Pictures with short captions
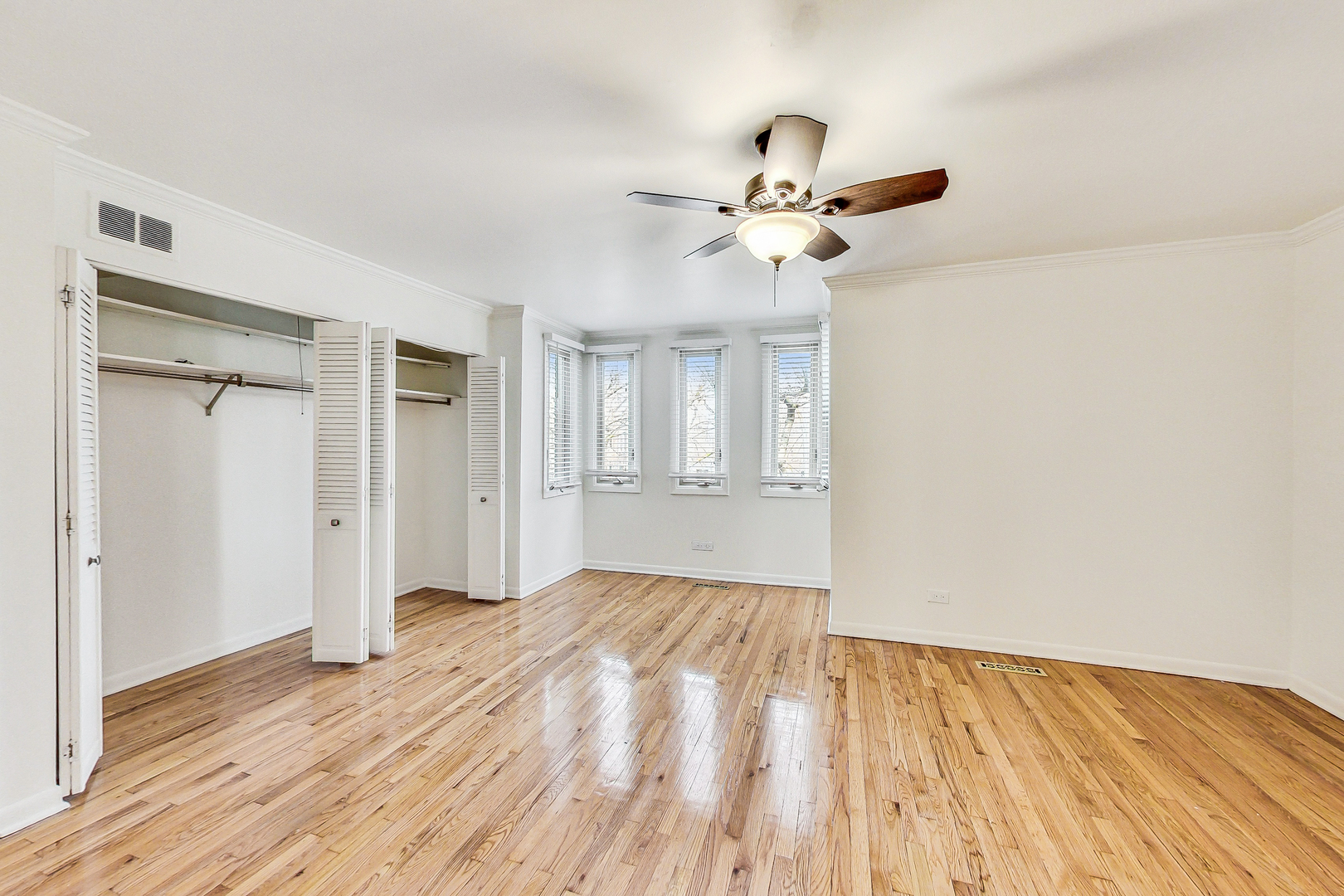 2819 S Michigan Avenue Property Photo 15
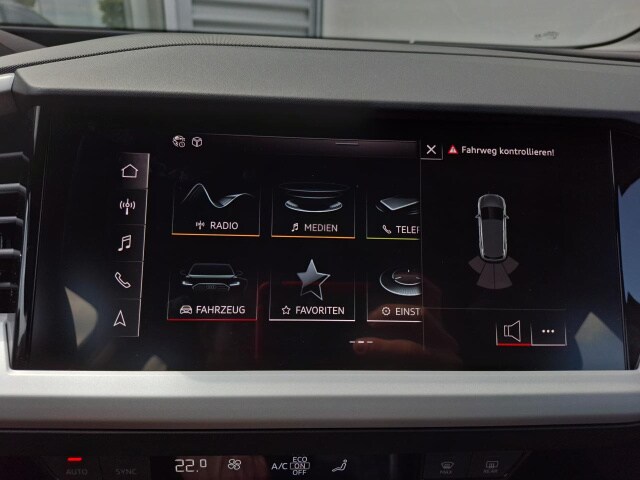 Image about Audi Q4 e-tron 40 e-tron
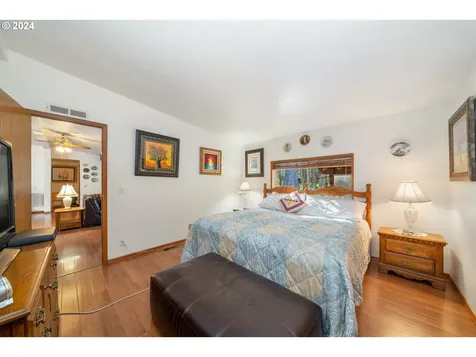 1001 Ne Smith Street Rockaway Beach OR 97136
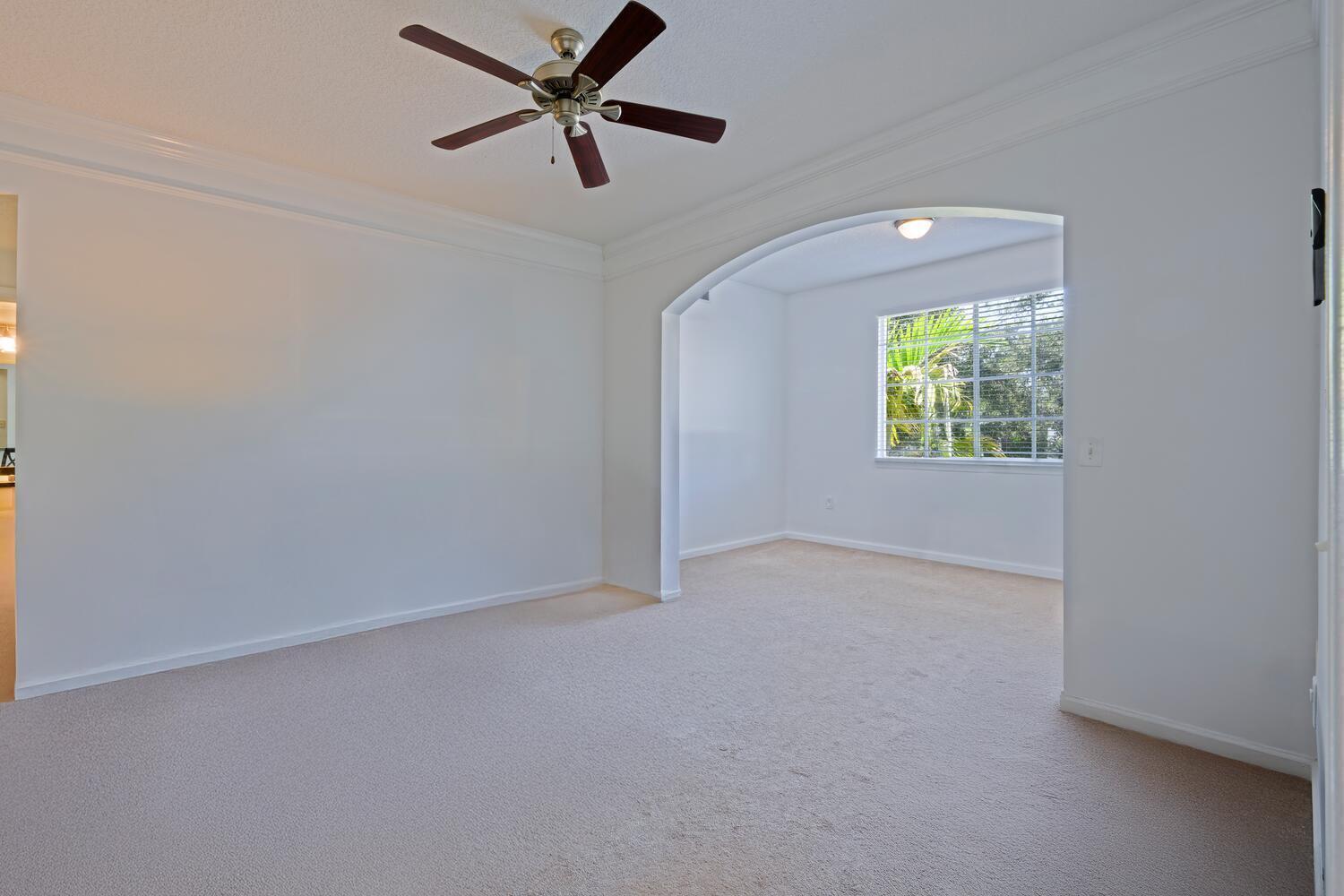 5205 Myrtlewood #201, Palm Beach Gardens FL 33418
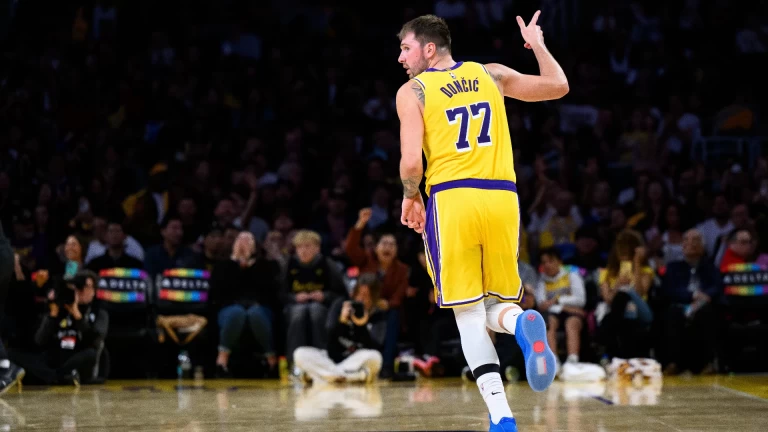 Warriors vs. Lakers Preview: Betting Insights & Tips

- _What is required_
With the pictures set aside, repeat every entry above exactly.

- _Exercise output_
 2819 S Michigan Avenue Property Photo 15
 Image about Audi Q4 e-tron 40 e-tron
 1001 Ne Smith Street Rockaway Beach OR 97136
 5205 Myrtlewood #201, Palm Beach Gardens FL 33418
 Warriors vs. Lakers Preview: Betting Insights & Tips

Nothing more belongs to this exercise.